Mr. Speaker, I want to take part in this debate because of certain remarks made by the hon. member for Roodepoort, but before I do so I should like to congratulate the hon. member for Umhlanga on a fighting speech. I think his attack on the hon. member for Klip River was in the best traditions of our parliamentary Opposition and I only hope that we will hear more on similar lines from the hon. member for Umhlanga …
When it is justified I shall do so but I am not going to be dictated to by you. [Interjections.]
I must confess that perhaps I should withdraw my congratulations after that! However, I must rather get on to the real subject of the evening, not the side issues, and that is the speech made by the hon. member for Roodepoort.
The hon. member for Roodepoort got up and attacked my colleague, the hon. member for Pinetown, for bringing a racial connotation into this Bill. Can one have anything more ridiculous than to suggest that a racial connotation has been brought into a Bill the title of which is “Electoral Act for Indians Second Amendment Bill”? The racial connotation is in the very title of this Bill. This is a Bill specifically designed for the usage of one section of our population and one section only. That section is defined by the colour of their skin, by their original culture and heritage and the country from which they came, not by any other characteristic such as their intelligence, possessions, or education. Then the hon. member has the nerve to accuse my colleague of being racialistic when the whole Bill introduced by that Government is based on racialism.
Are you for or against it?
The hon. members of the NRP know perfectly well that we have said that we are supporting this Bill.
It does not sound like it.
I am simply pointing out to the hon. member for Roodepoort, who does not seem to understand it, that this Bill has racial connotations. We have said that we welcome the improvements brought about and that we are not opposing this Bill. Obviously, we wish that the whole political situation could develop a great deal further than the stage to which it has developed.
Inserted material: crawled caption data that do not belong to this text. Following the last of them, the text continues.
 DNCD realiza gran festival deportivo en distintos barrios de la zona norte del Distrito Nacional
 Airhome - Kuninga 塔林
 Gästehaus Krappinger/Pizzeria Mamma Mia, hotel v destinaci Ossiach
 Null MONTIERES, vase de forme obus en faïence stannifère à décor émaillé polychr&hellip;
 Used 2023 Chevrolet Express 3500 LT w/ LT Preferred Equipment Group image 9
The next thing I want to say to the hon. member for Roodepoort relates to clause 2, once again in view of the fact that he says we are being racialistic. What is the actual situation? The actual situation is that certain countries have been given their independence and all citizens of those countries, whether they live in those specific independent countries or in the rest of South Africa, are forced, if they are Black, to take citizenship in their specific independent country. We then dealt with the White people and said that White people who lived in an independent country could continue to have a vote in South Africa. Now we come to the next item on the agenda which is that Indian people who are now living in the independent countries will still be entitled to vote within South Africa …
But that is not the intent of this Bill, with due respect.
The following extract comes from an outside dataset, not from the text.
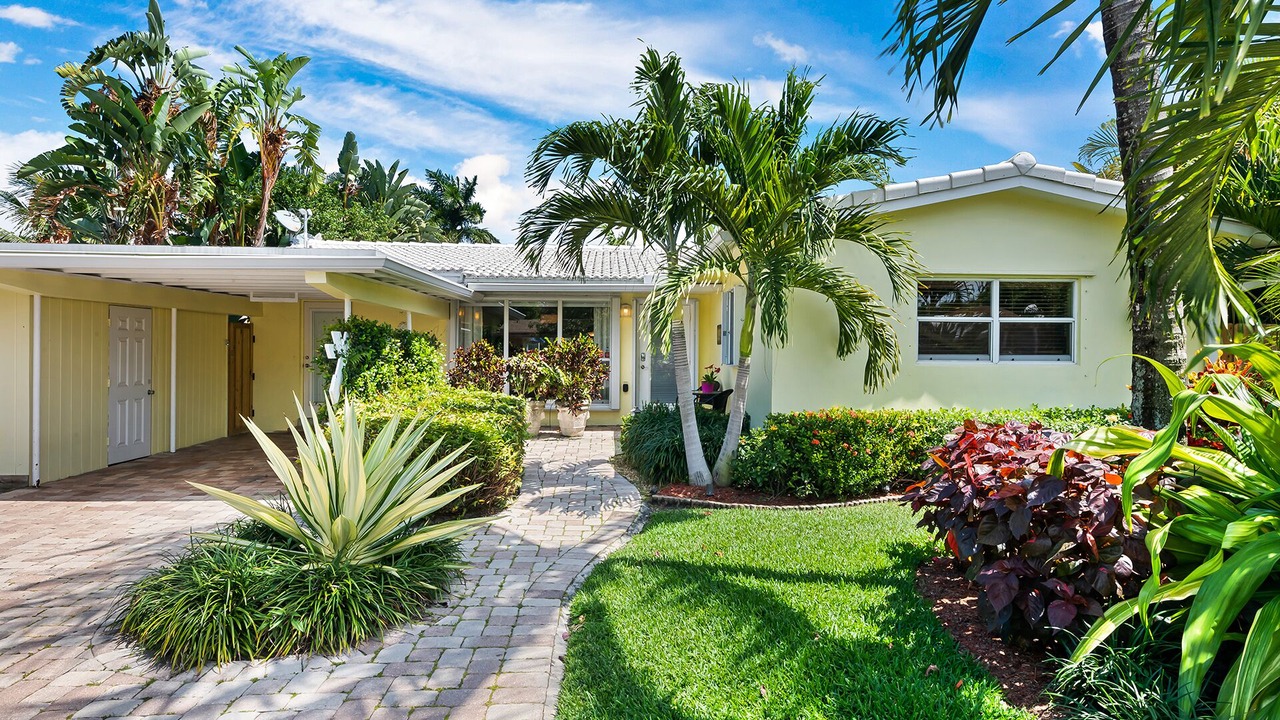 Photo of Others in Wilton Manors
With respect, it is. In terms of clause 2 it puts into effect the situation whereby people who live outside the borders of the Republic of South Africa, for instance in Transkei …
No, you are missing the point …
Well, then, I shall be very interested to hear the hon. the Minister’s reply. However, the point that I am trying to make for the hon. member of Roodepoort’s benefit is that these provisions are based totally on racial connotations, and if by any chance the President’s Council recommends that we should have a fully elected Coloured Representative Council or body of some kind, and they produce similar legislation, I have no doubt that once again that racial connotation will be introduced. The hon. member for Roodepoort did not, however, stop at calling it racialistic. He also insinuated that we in the PFP do not have good intentions. Once again he called us boycotters and said that politically responsible people would not vote for this party. However, I simply want to refer him to the situation that prevailed before and after the recent general election. Obviously many more people voted for this party than ever before and will, I maintain, continue to do so, despite the constant attacks and innuendos which were initiated by the hon. the Prime Minister and which have been continued in the discussion of virtually every single Bill, the innuendo that we in this party are leading South Africa, or are attempting to lead South Africa, along a dangerous path. I do think that we in these benches—in fact South Africa as a whole—have had enough of such insinuations.
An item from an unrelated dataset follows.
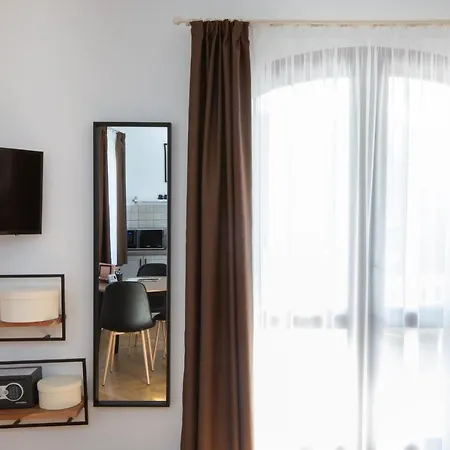 شقة Deres Apartmanhaz Lokut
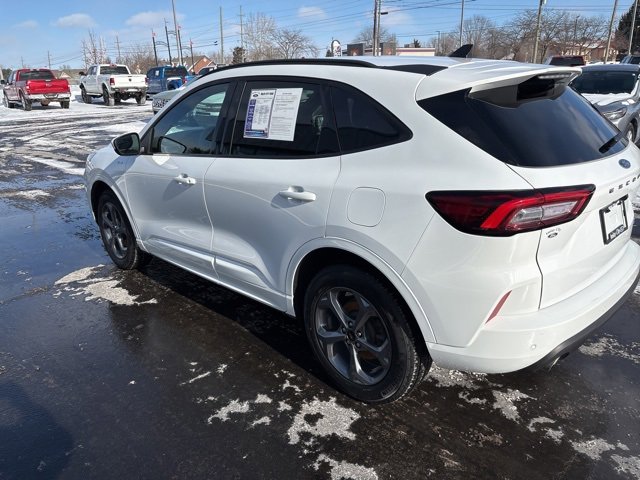 Used 2023 Ford Escape ST-Line Select image 17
Mr. Speaker, I wanted to commence this debate by expressing my very sincere gratitude to hon. members for the support they have given this legislation. [Interjections.] However, any superficial observer would gain the impression that the legislation is being opposed by all parties!
Including the hon. member for Klip River.
I gave one of my younger colleagues, who is a scientist, very sound advice on his maiden speech in this House. It is sound advice for the future as well. I told him not to discuss his field of study in this Parliament. It is best to discuss the other person’s field of study. It seems to me that it was sound advice.
I appreciate the fact that I am being permitted to take the Bill through all its stages, for I must get the legislation passed.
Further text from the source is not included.